● **What the task requires**
What you should give back is a precise copy of the lines below from the one containing "Black Embroidery" through the one containing "(np,高h,纯肉)乱l", with no pictures.

● **Records supplied**
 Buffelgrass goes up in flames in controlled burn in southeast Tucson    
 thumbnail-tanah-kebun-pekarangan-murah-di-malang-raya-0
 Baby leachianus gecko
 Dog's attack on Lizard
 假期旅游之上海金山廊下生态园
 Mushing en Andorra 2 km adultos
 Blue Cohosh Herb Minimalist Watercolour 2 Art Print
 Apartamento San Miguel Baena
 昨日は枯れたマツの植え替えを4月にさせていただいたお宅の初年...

==

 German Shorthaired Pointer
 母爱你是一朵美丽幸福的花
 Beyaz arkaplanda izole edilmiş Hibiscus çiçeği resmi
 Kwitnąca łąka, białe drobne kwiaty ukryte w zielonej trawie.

==

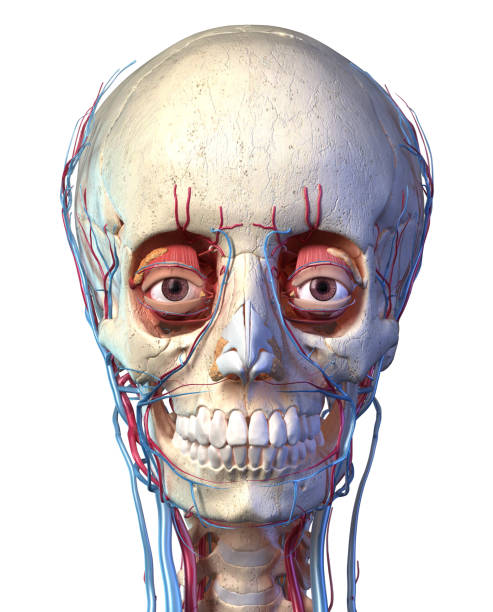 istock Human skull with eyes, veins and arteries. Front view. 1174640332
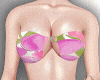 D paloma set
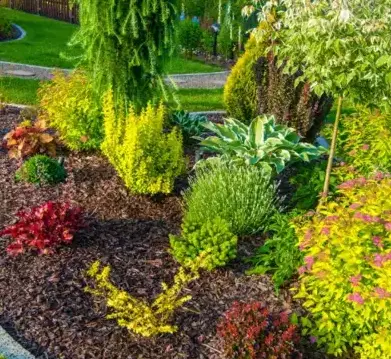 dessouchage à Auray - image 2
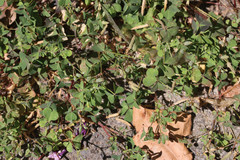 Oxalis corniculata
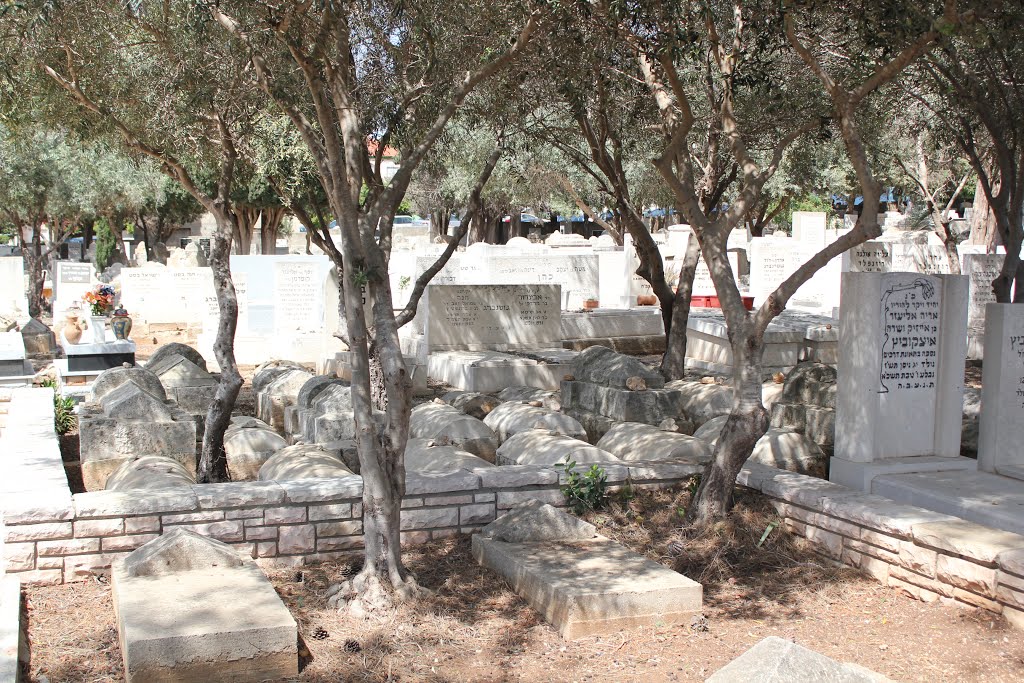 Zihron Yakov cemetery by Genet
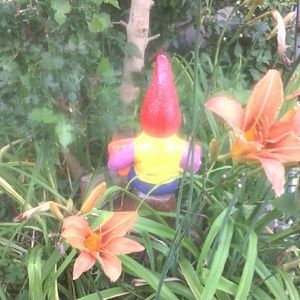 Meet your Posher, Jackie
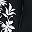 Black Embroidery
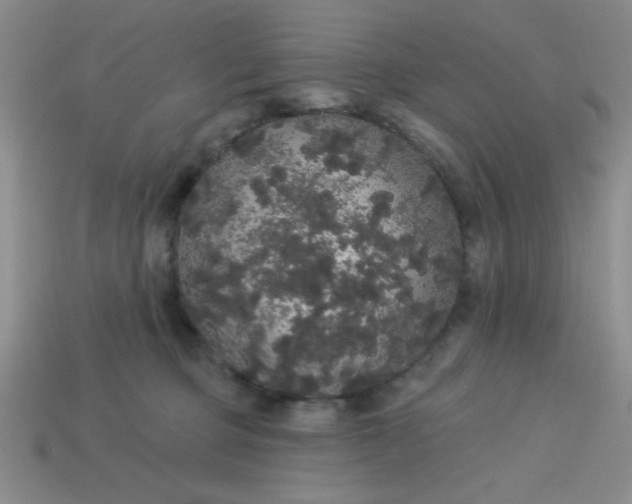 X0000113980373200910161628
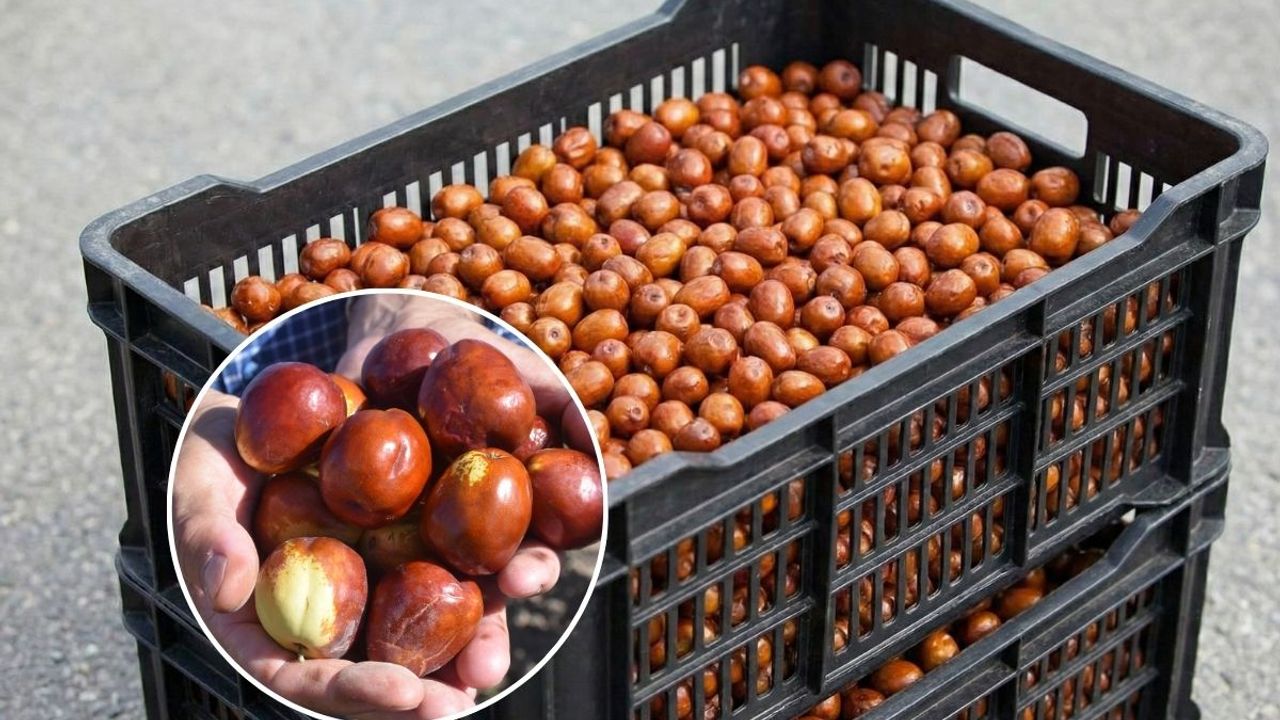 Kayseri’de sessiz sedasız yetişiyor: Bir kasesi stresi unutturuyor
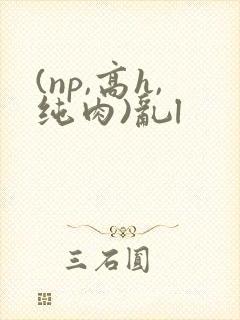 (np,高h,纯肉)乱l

● **Exercise answer**
 Black Embroidery
 X0000113980373200910161628
 Kayseri’de sessiz sedasız yetişiyor: Bir kasesi stresi unutturuyor
 (np,高h,纯肉)乱l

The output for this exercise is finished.